On a accepté d'échanger le deutschemark contre l'euro au nom de cette responsabilité. Ce n'est un secret pour personne que les Français nous ont forcé la main et que c'était le prix politique à payer pour obtenir la réunification avec l'Est. Mais cette zone euro stable et prospère qu'on nous a promise est une véritable pétaudière. Des Etats vont faire faillite car ils ne pourront pas rembourser leur dette ! Dans leur grande majorité, les Allemands refuseront de payer pour les autres. C'est pour cela que je dis que la zone euro va disparaître. Ce n'est pas possible autrement. Il va y avoir une recomposition, c'est certain.
Il y a aura peut-être deux unions monétaires en Europe. La première sera probablement constituée autour d'une monnaie forte par l'Allemagne, les Pays-Bas et les pays scandinaves. La seconde comprendra des pays comme l'Italie, l'Espagne, la Grèce et l'Irlande, c'est-à-dire les pays qui ont une grosse dette à rembourser mais qui ont aussi besoin d'une monnaie plus faible pour relancer leurs économies. La France ? Je pensais que mon propos était suffisamment explicite pour que vous n'ayez pas à poser cette question. Quand j'ai cité les pays du premier groupe, la France n'y figurait pas. Ce n'était pas un oubli.

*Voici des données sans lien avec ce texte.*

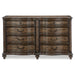 Heath Court Dresser - LasVegasFurnitureOnline.com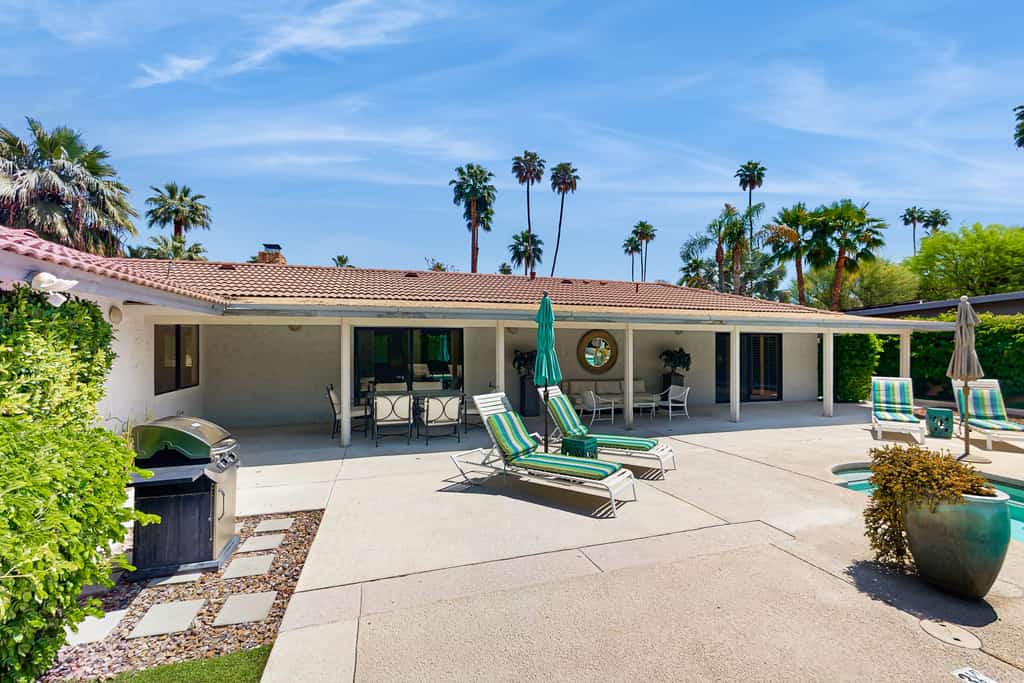 Modern, Dog-Friendly Home in a Quiet Neighborhood w/ Private Pool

Je crois que l'Europe se porterait mieux si on acceptait le fait que la France n'est plus une grande puissance économique. Ce n'est pas moi qui le dis. Le Premier ministre Fillon a été limpide en parlant d'un pays en faillite. Cela veut dire qu'il faut que la France descende en seconde division pendant quelque temps. Qu'elle reprenne des forces, qu'elle se réorganise. Il sera toujours temps pour elle de rejoindre le premier cercle. Mais je vois mal nos dirigeants tenir ce discours, même s'ils le pensent en leur for intérieur. Le poids du passé obligera encore l'Allemagne à faire en sorte que son tandem artificiel avec la France continue d'exister.